"Life was like that, doors of possibility constantly opening and closing as one blindly made one's way through."
I have loved Kate Morton's books ever since reading 'The Forgotten Garden' a few years ago - with her most recent being 'The Secret Keeper' and could not wait to read this one! I literally had a count down to the publication date, but life has a way of distracting me lately and I ended up waiting a month or two to read it. Well worth the wait!
In usual Kate Morton fashion, The Lake House, is full of intrigue, family secrets, and unexpected connections - with some history and a little romance thrown in there as well. The novel weaves back and forth between 16-year-old Alice Edevane in 1933, living at her family's estate, the 'Lake House' and a young women named Sadie seventy years later who, while on leave from her job as a detective, stumbles on the old house. Left in ruins after the family's baby son, Theo, mysteriously disappeared on the night of the annual Midsummer party, the house is full of secrets waiting to be unraveled. Coping with her own troubled past, Sadie begins to dig deeper into the Edevane's past and soon finds herself absorbed in finding out exactly what happened to Theo on the night of the party.

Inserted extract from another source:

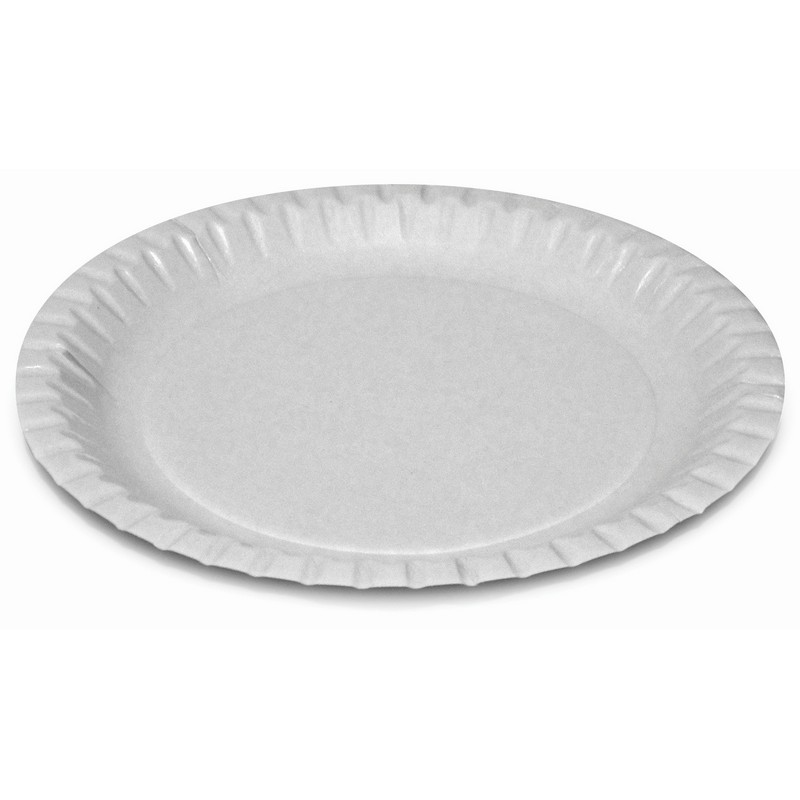 Disposable Plate (Pack of 500)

This one took me a little while to get into, - there was a lot of things going on in the beginning that took sometime to come together - but after a few chapters, I was hooked. Kate Morton has the wonderful ability to connect story lines in both the past and the present with seamless effort. Her fairy-tale like description of her settings are beautiful and captivating and this novel was not exception. And the characterization is spot on - by the middle of her novels, I feel so absorbed in the characters and, as much as I can't stop reading the book, there is always a huge part of me that doesn't want it to end because I will inevitably have to leave the characters behind.
A wonderful book by an amazing author and storyteller! I can't wait to see what else Kate Morton is up to next.
This book was #2 on my top ten list of 2015.